Días
de frío y sol. Días en los que disfruto de una tregua de mi espinazo traidor y
que aprovecho para retomar mi trote olímpico. Corro con una luz baja y metálica,
que me acompaña media elipse y se escurre luego por la nuca, para volver a deslumbrarme
en el siguiente giro con una
intermitencia hipnótica. Una pareja de ancianos me acompaña estos días
en la pista: la mujer se acomoda en una silla de playa, embutida en un bañador de
colores brillantes y con la cabeza seccionada en una refulgente bandeja de baño
solar; desentumece a ratos el cuerpo con una gimnasia de zarzuela, los brazos
en jarras y un giro lento y coqueto de cantinerita.

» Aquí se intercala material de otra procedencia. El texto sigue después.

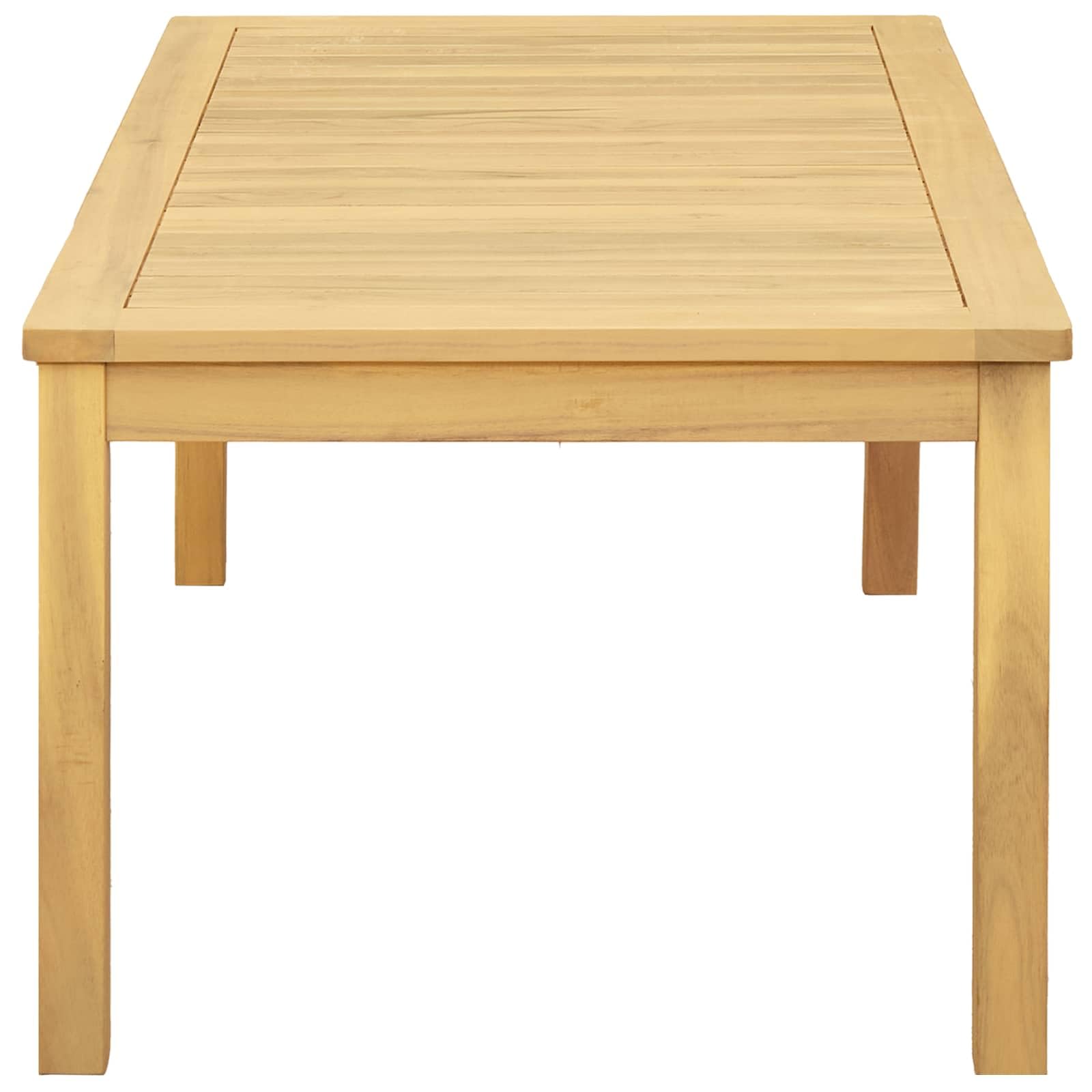 Tavolino da salotto in legno di acacia massiccio, 110 x 60 x 45 cm, resistente alle intemperie, per terrazza, balcone, veranda, esterno, scaffale e gruppo di sedute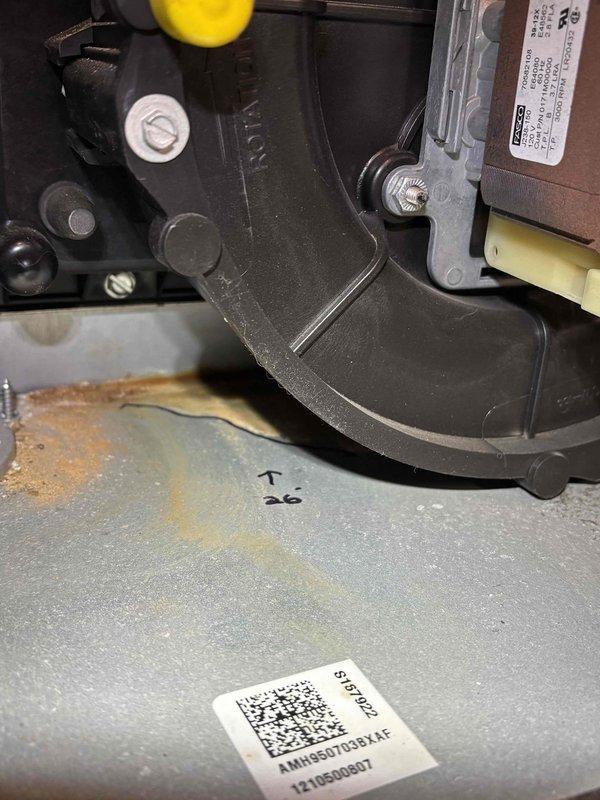 Completed annual furnace tune-up on 15-year-old system as part of scheduled maintenance. Inspection revealed significant rust and corrosion at component junction points, particularly on the heat exchanger assembly. Documented deterioration with photos for service records and advised monitoring of affected areas.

El marido rueda su bicicleta en sentido contrario al mío, el torso desnudo al sol, tocado
con una gorrilla de capitán de yate y con un pantalón a cuadros subido por
encima del ombligo; cabalga su bicicleta de paseo como un Marco Aurelio su
montura, saludando a su señora en
cada giro, con orgullo y cumplimiento. Cruzamos nuestras miradas en cada vuelta: me encara ufano, la barba alzada y desafiante; yo disimulo entre jadeos mi
inspección, con la suspicacia de quien asiste a una aparición mariana o al
desembarco de un ejército invasor.
La bicicleta es una Orbea desconchada, con una cesta de reparto todavía
encordada al sillín, vestigio de algún remoto trabajo de juventud. La ceremonia
de amor feliz se prolonga, sin quebrantos, durante toda la mañana.